To begin, the acting is uniformly excellent. Lead by the incomparable Christian Bale, the ensemble is a who’s who of character actors devouring their roles. Bale is the best. He brings so much reality, gravitas, and deep inner life to his role as Cheney. There isn’t a second when he falls into mere mimicry or Acting with a capital “A”. Watching him thinking through and observing the others around him is riveting. His dialogue is often minimal, but Bale creates depth with his eyes and his movement. It’s a fantastic performance. Amy Adams is the next essential piece of this puzzle. She is fierce and powerful as a woman with deep desires in a time period when women weren’t allowed to have those desires or ambitions. She is right in step with Bale. A deep true inner life reflected through her eyes and behavior. Steve Carrell as Rumsfeld and Sam Rockwell as George W Bush are both excellent, but they are show pieces. Adams and Bale are given the most and do the most with what they are given.
The directing and writing is the problem with this film. Adam McKay wrote and directed the film. He is the man behind Anchorman. He has a warped and unique sense of humor. He injected that humor into his financial horror story The Big Short a few years ago. That film found inventive ways to utilize the medium of film to condense huge amounts of technical financial information into easily digestible chunks. He attempts something similar here, but his humor is at war with the material.

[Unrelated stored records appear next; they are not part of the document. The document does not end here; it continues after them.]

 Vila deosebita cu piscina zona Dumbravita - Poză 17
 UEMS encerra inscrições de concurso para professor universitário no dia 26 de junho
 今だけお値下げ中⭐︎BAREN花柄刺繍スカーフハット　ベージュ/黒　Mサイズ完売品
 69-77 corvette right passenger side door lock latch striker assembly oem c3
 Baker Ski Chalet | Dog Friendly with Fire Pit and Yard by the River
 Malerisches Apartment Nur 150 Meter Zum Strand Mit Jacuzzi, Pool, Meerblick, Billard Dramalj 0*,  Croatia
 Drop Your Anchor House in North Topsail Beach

The story he tells his deadly serious, but his direction insists on going for laughs. This neuters the dramatic impact of a lot of moments. It robs the film of gravitas. It undermines the truth of what we are seeing.
There are two moments that perfectly exemplify his directorial misguidedness… The first involves Adams and Bale in bed. The narrator of the film asks in voice over what must Cheney have been thinking in that moment. He then ponders what it would be like if people spoke in Shakespearean monologues. Bale and Adams then launch into faux Shakespearean speeches about what they are thinking. This is amusing, strange, and gets a laugh. However it doesn’t offer insight into the characters or the story. It’s just a flight of fancy that kind of works. The second moment comes late when Cheney and his team sit down to a fancy dinner. The waiter approaches with the specials. Instead of food he offers them a menu of unethical extremes; water boarding, patriot act surveillance, unlawful rendition, and on and on. They choose all of them. This is clever. It demonstrates the cavalier attitude of the administration with regard to personal rights and freedoms. It’s a really strong metaphor, but it doesn’t stick the landing. The fantasy of it is so jarring and there is no final conclusion or insight drawn from it. It simply ends with the punchline, “we’ll have all of them,” and it moves on. It breaks the verisimilitude of the movie and then dives back into the story proper without giving us a reason. You don’t have to break your movie in half in order to make that metaphor work, but he does in order to get the joke.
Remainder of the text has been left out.